◆ **PROBLEM REQUIREMENTS**: Begin at the line that holds "Too many times" and copy each line exactly until the data below ends, including that last line but no pictures.

Saved data entries:

========================================================================

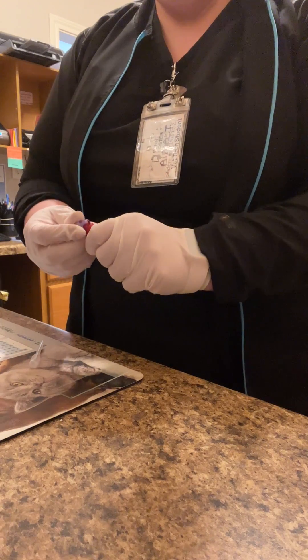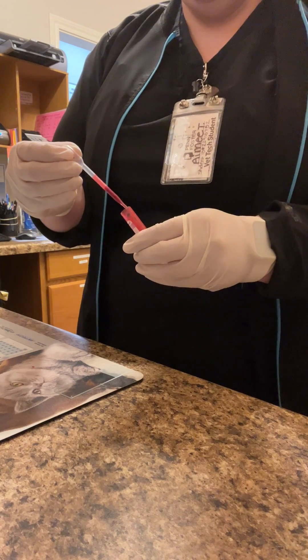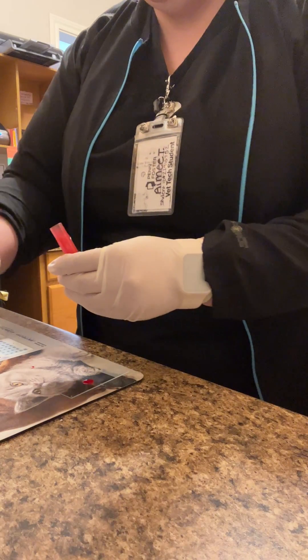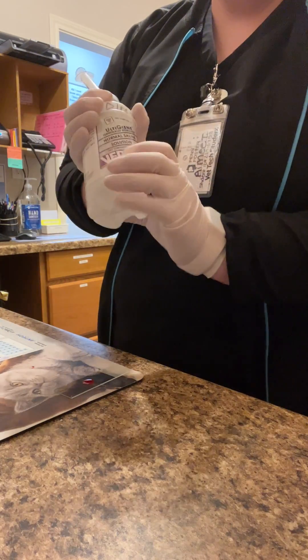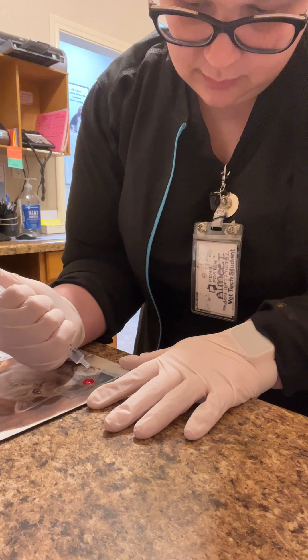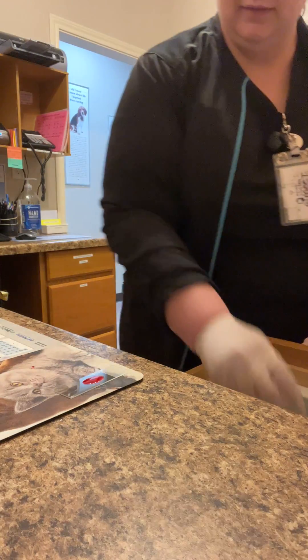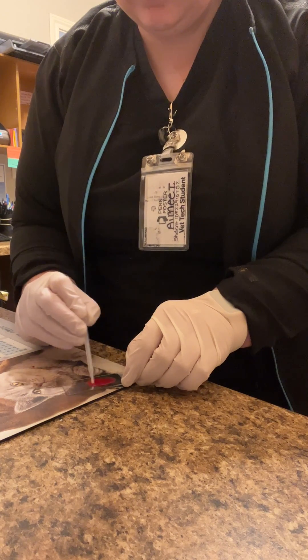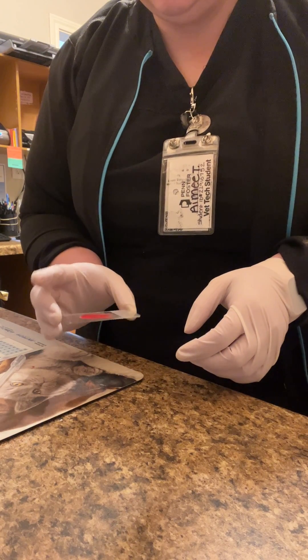I have my EDTA blood. I just drop one drop of blood onto a clean microscope slide, and then my saline, two drops, and a clean pipette, kind of mix it together, and then slowly rock back and forth.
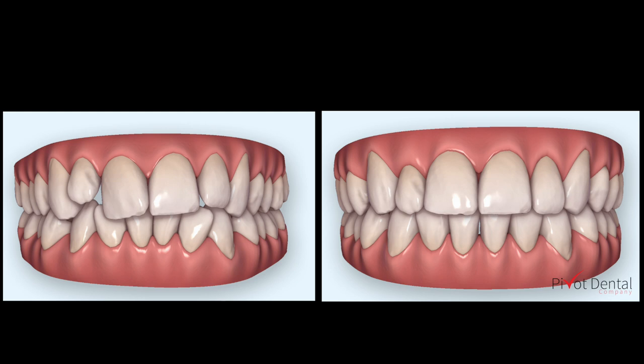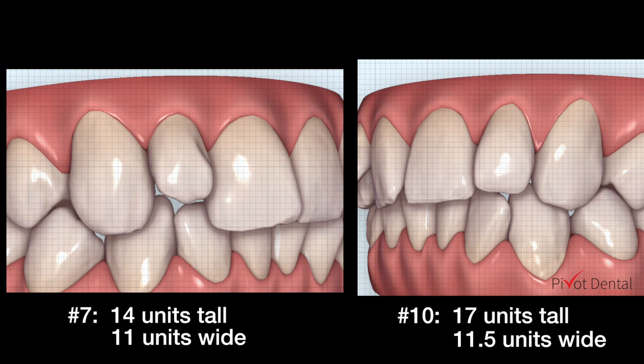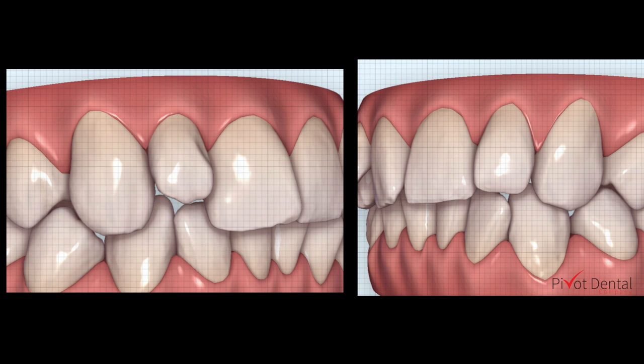You can see in this side-by-side photo the beginning set of teeth and then the end of treatment — that's where he would wind up after all 23 trays. If we turn the models and put the grid feature on, you can see that tooth number 7 is smaller than tooth number 10. Measuring in units, number 7 is 14 units tall compared to number 10, which is 17 units tall. The width is very similar, just off by about half a unit.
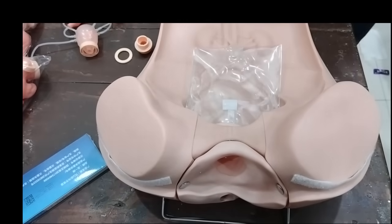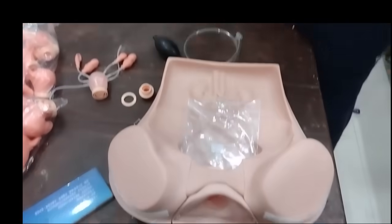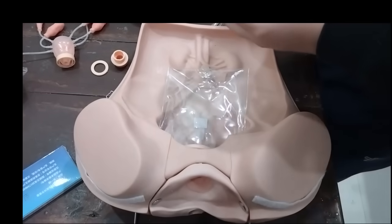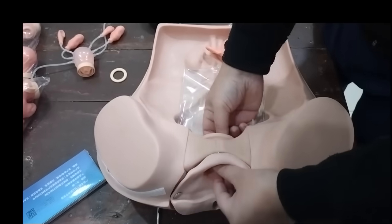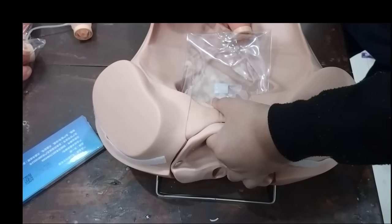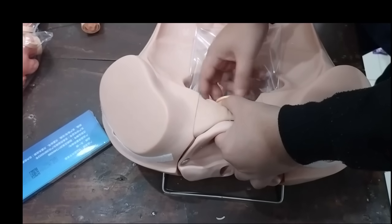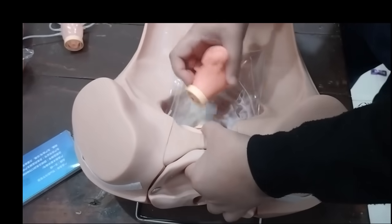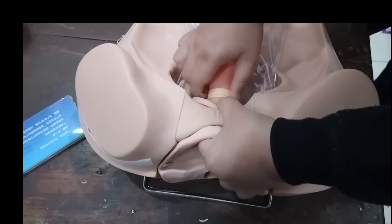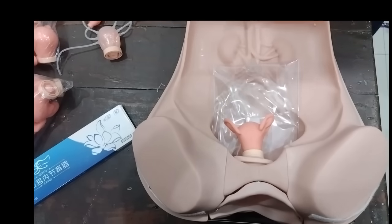Suppose I wish to attach a new uterus with this model. I am taking the number four uterus from the hysteroscopy kit. All I need to do is first insert the cervix, and once the cervix is attached, I just move it clockwise and the uterus is attached as well. Then I can put back the skin.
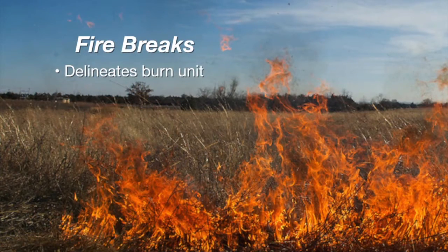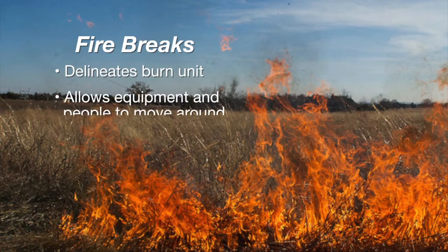There are two things that a fire break does for you. Number one is that it delineates the burn unit — it tells everybody helping you burn where you're burning and that the fire needs to stay within the confines of these fire breaks around the burn unit. Secondly, fire breaks assist with allowing equipment and people to get around the burn unit easily, effectively, and safely by having a place to travel.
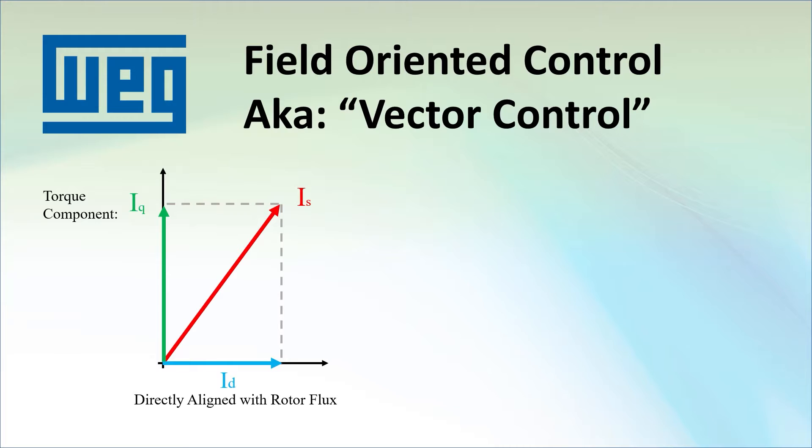So to change the torque, the drive's job is to keep those two vectors oriented at 90 degrees and just change the amplitude of the torque current vector, which is why we call it oriented or vector control.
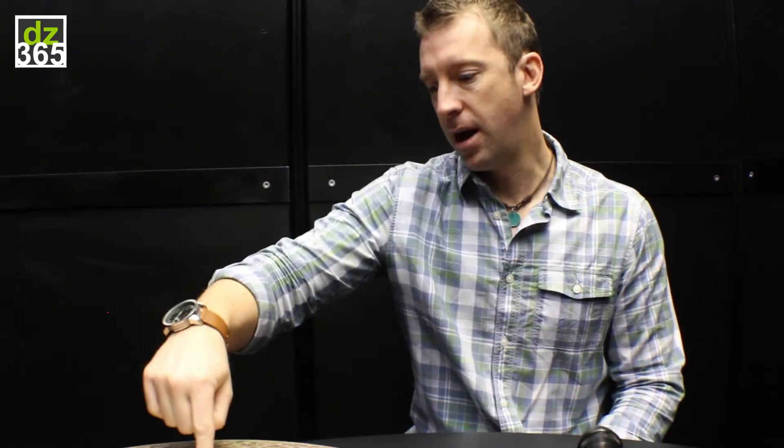Too many times cymbal companies have tried to do it too literally — like, here's the ride, here's the crash. That's not what I wanted. I wanted a ride that I could crash on, but it didn't sound like I was crashing on a ride. When I crash on it, it's like, oh, you have a 21-inch crash cymbal. And then as soon as I'm riding on it, it's like, oh, you have a 21-inch beautiful ride.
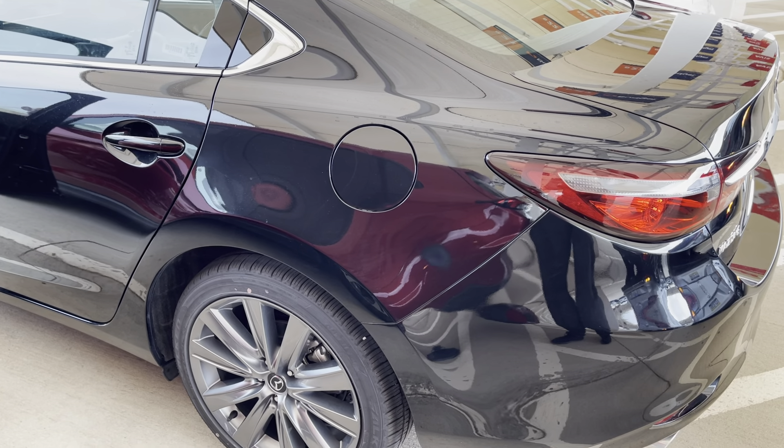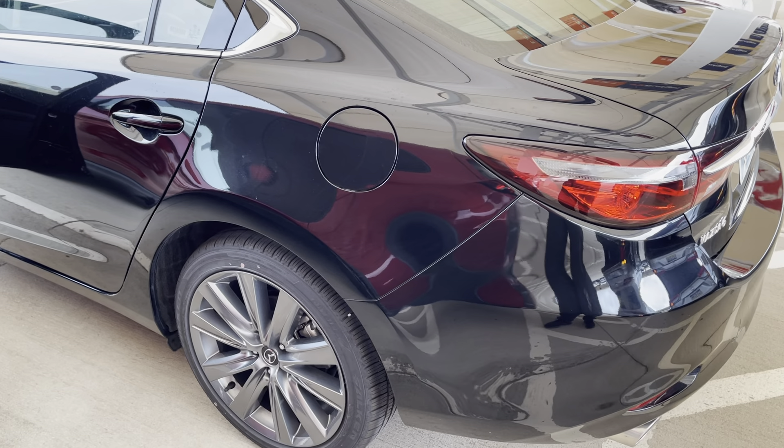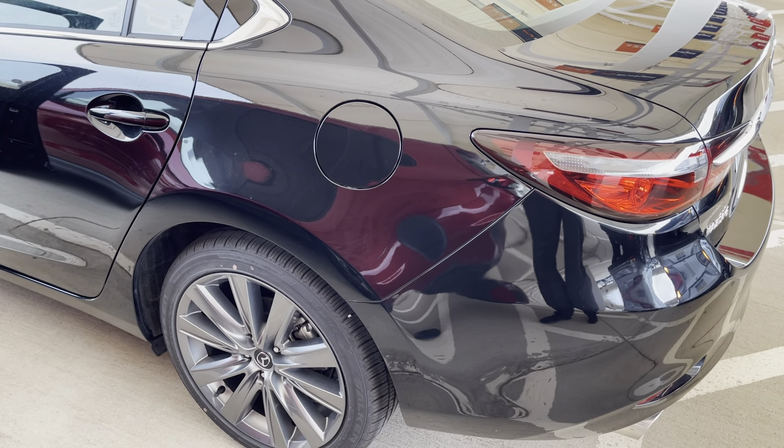In today's video I'm going to show you real quick how to open the gas cap on a 2021 Mazda 6. This will also work on many other Mazda vehicles, including other year models of the Mazda 6.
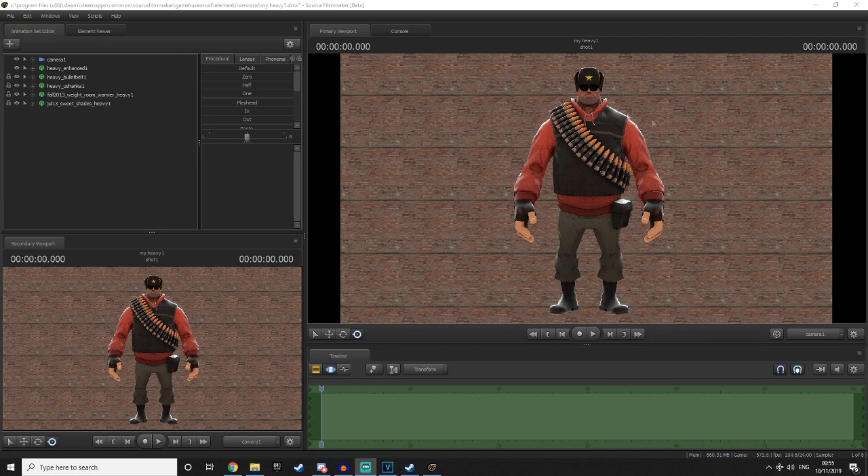I'm recording this live in SFM and I've been showing you my method on how to get very easy rim lighting for your models, so you don't have to mess around with placing rim lights behind the model — you can do it with this really easy method.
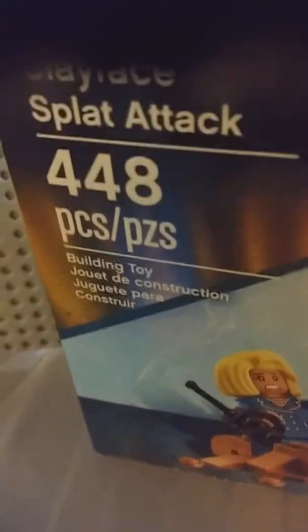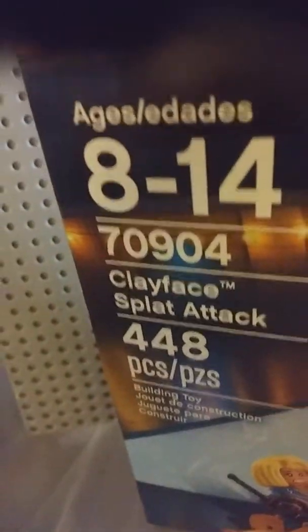Today I'm going to make a review on LEGO The Batman Movie. This is set 70904, Clayface Splat Attack, for ages 8 to 14. This building toy has 448 pieces. As you can see there's a cool picture of Batman here, and on this full-scale image of the Batman minifig it comes with Batman, a clay trap, and 3 clay missiles — which, if you've watched Batman, you'll know are actually face cream.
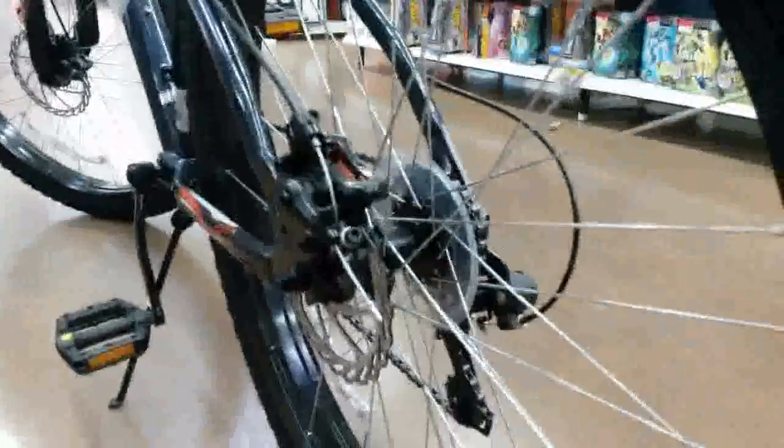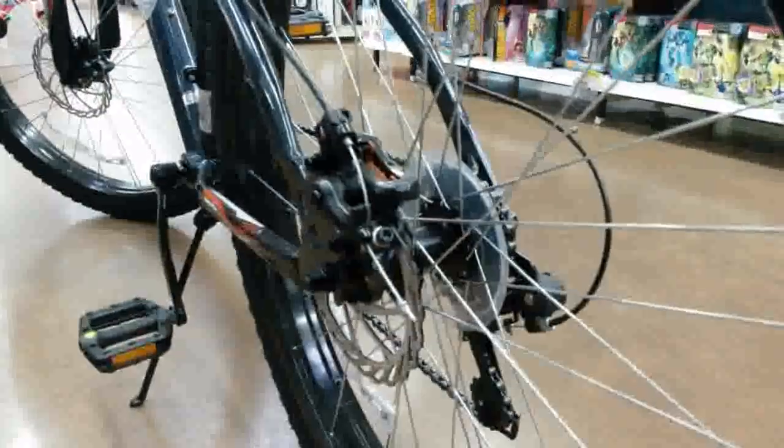It's got the grip shift with the mechanical disc brakes. It's original — it's got the shock — with the flat pedals.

========================================================================

◆ **ANSWER BOX**:
Too many times cymbal companies have tried to do it too literally — like, here's the ride, here's the crash. That's not what I wanted. I wanted a ride that I could crash on, but it didn't sound like I was crashing on a ride. When I crash on it, it's like, oh, you have a 21-inch crash cymbal. And then as soon as I'm riding on it, it's like, oh, you have a 21-inch beautiful ride.
In today's video I'm going to show you real quick how to open the gas cap on a 2021 Mazda 6. This will also work on many other Mazda vehicles, including other year models of the Mazda 6.
I'm recording this live in SFM and I've been showing you my method on how to get very easy rim lighting for your models, so you don't have to mess around with placing rim lights behind the model — you can do it with this really easy method.
Today I'm going to make a review on LEGO The Batman Movie. This is set 70904, Clayface Splat Attack, for ages 8 to 14. This building toy has 448 pieces. As you can see there's a cool picture of Batman here, and on this full-scale image of the Batman minifig it comes with Batman, a clay trap, and 3 clay missiles — which, if you've watched Batman, you'll know are actually face cream.
It's got the grip shift with the mechanical disc brakes. It's original — it's got the shock — with the flat pedals.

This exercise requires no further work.